Uma série de relatórios do Itamaraty e da Agência Brasileira de Inteligência (Abin), além de contatos diretos da embaixada no Paraguai com o Palácio do Planalto, apontava para o agravamento na crise no Paraguai e o risco de que o presidente Fernando Lugo perdesse o cargo – o que ocorreu em um processo de impeachment de 36 horas, concluído no dia 22 de junho. Nenhum desses levantamentos, porém, chegou às mãos da presidente.
Dilma foi informada do que acontecia no Paraguai quando estava no Rio de Janeiro, no dia 21 de junho, logo depois de os deputados paraguaios aprovarem a abertura do processo de impeachment. No dia anterior, tinha sido entregue ao ministro do Gabinete de Segurança Institucional, general José Elito, o segundo relatório especial de inteligência da Abin apontando que o processo seria aberto porque Lugo havia perdido o pouco apoio que lhe restava no Congresso paraguaio e, desta vez, dificilmente escaparia.
No dia 15 de junho, quando 11 sem-terra e seis policiais foram mortos em um conflito por desocupação de terras, a agência havia produzido outro relatório, também apontando para o agravamento da crise e a possibilidade de abertura de um processo político, desta vez com chances de prosperar.
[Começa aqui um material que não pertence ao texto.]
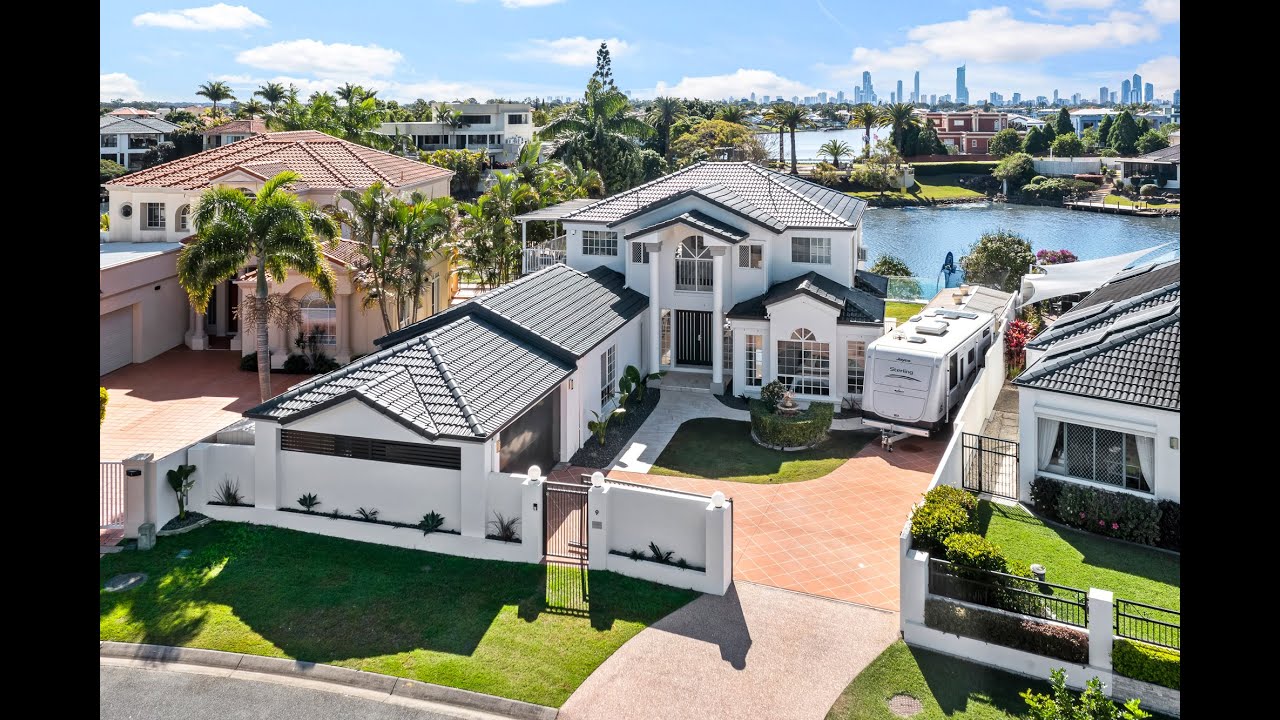 9 Staysail Crescent,  Clear Island Waters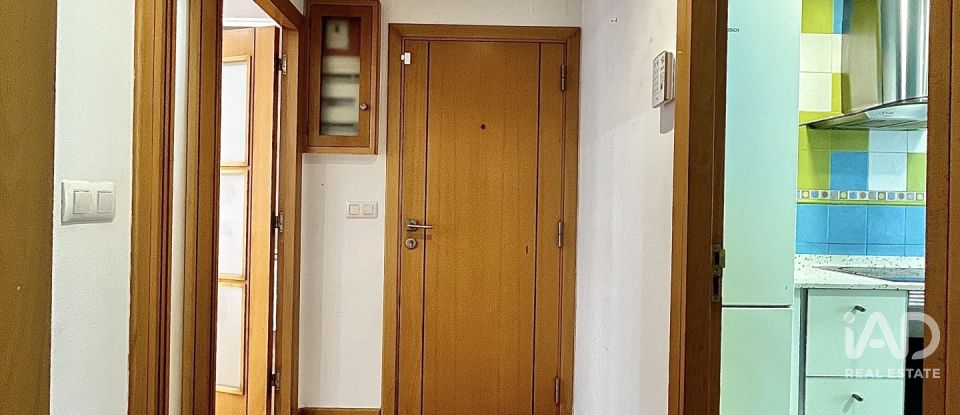 Piso 4 habitaciones de 90 m² en Fene (15500)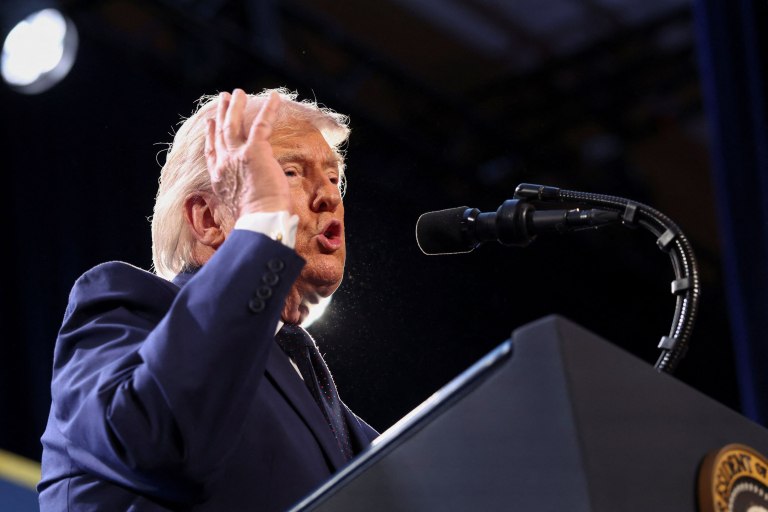 Πόλεμος στο Ιράν: Η «σύντομη εκδρομή» του Τραμπ που έβαλε φωτιά στη Μέση Ανατολή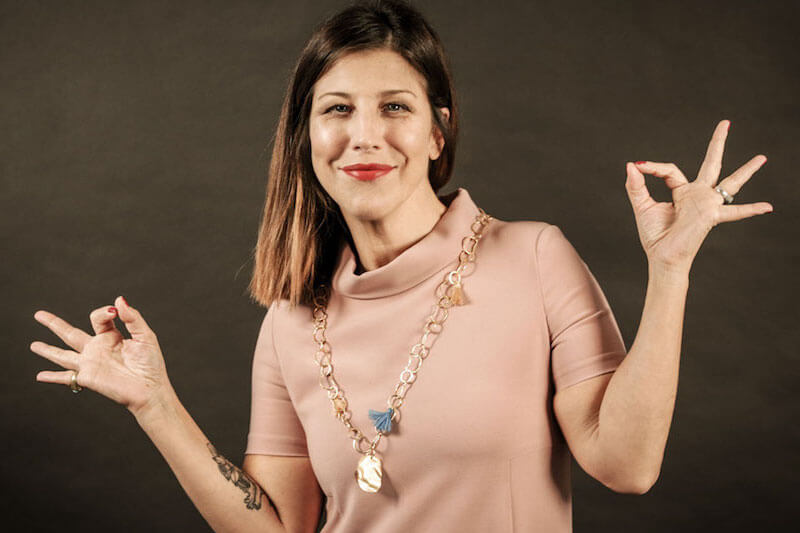 Michela Andreozzi: "Non ho figli, non ne voglio e non mi sento in colpa!" - coverlg home - Gay.it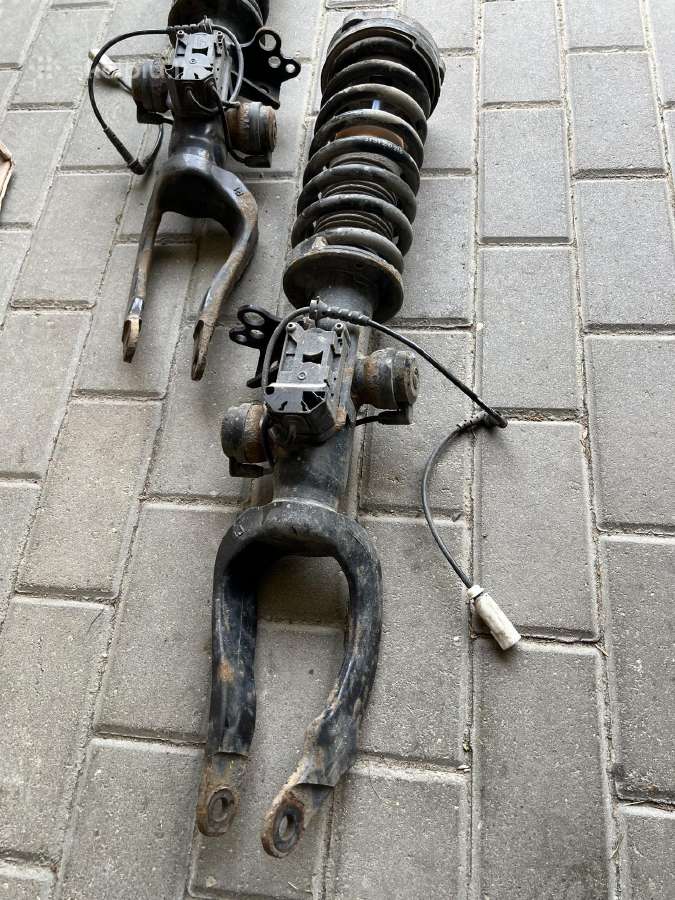 Bmw F10/11 priekiniai amortizatoriai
Durante a semana, as sínteses preparadas diariamente para serem entregues a Dilma também trataram majoritariamente do assunto.
Nenhum desses documentos foi visto pela presidente. Responsável por repassar os relatórios da Abin para sua chefe, a quem são originalmente destinados, o general Elito costuma editar ou ignorar os que considera ter informações desnecessárias e ler ele mesmo os que acredita serem importantes o suficiente para merecerem a atenção de Dilma.
Apesar de ser o responsável não apenas pela inteligência mas também pela segurança presidencial, o general tem pouco acesso à presidente: pouco é recebido, pouca atenção recebe e seus e-mails são eventualmente ignorados.
Assessores próximos da presidente confirmam que ela nunca recebeu nenhum documento da Abin tratando do Paraguai e foi informada apenas no Rio de Janeiro. Dilma embarcou para a reunião do G-20 no México em 17 de junho, dois dias depois das mortes no Paraguai que desencadearam o derradeiro processo de impeachment contra Lugo. Nesse ponto, Elito já tinha nas mãos o primeiro relatório da Abin. O general ficou no Brasil e não procurou a presidente durante o encontro no México.
Envolvida com as negociações do G20 e também com a Rio +20, onde o chanceler Antonio Patriota negociava o acordo final da Conferência, Dilma também não teria tomado conhecimento das informações repassadas pelo Itamaraty. Nos dias que antecederam o processo político, o embaixador brasileiro em Assunção, Eduardo dos Santos, conversou diversas vezes com o assessor especial da Presidência, Marco Aurélio Garcia, por telefone. Também os relatórios sobre a crise preparados pela embaixada no Paraguai foram repassados pelo Itamaraty à assessoria especial. Aparentemente, essas informações não chegaram a Dilma. Nem mesmo no Palácio do Planalto há uma explicação para isso, já que Marco Aurélio viajou com a presidente para o México.
As informações coletadas pela Abin e pelo Itamaraty apontavam no mesmo caminho: apesar de ter enfrentado até aquele momento 23 processos políticos que não tiveram sucesso, a situação no Paraguai havia mudado e uma nova ação poderia prosperar. Depois das mortes no campo, quando Lugo mudou o comando do Ministério do Interior, a avaliação dos dois órgãos foi de que o então presidente tinha perdido o apoio político que lhe restara no Congresso e não teria votos para segurar um novo pedido de impeachment, o que realmente aconteceu. Lugo perdeu a votação na Câmara por 73 a 1. No Senado, onde foi definida a cassação, foi derrotado por 39 a 4.
Uma das teorias levantadas no Planalto para que os assessores da presidente não tenham se preocupado em informá-la do que acontecia foi o fato de que aquele foi o 24.º pedido de impeachment e, dado o fracasso dos anteriores, havia impressão de que seguiria o mesmo caminho.
Em resposta a várias perguntas enviadas pelo Estado, a Assessoria de Comunicação da Presidência respondeu, por e-mail, que a presidente "recebeu dos órgãos pertinentes informes regulares e tempestivos, tendo-se mantido atualizada em todos os seus desdobramentos e antecedente". A nota também informa que Dilma mantém contatos diários com Elito, mas não confirmou a existência de relatórios da Abin alegando serem de "natureza sigilosa".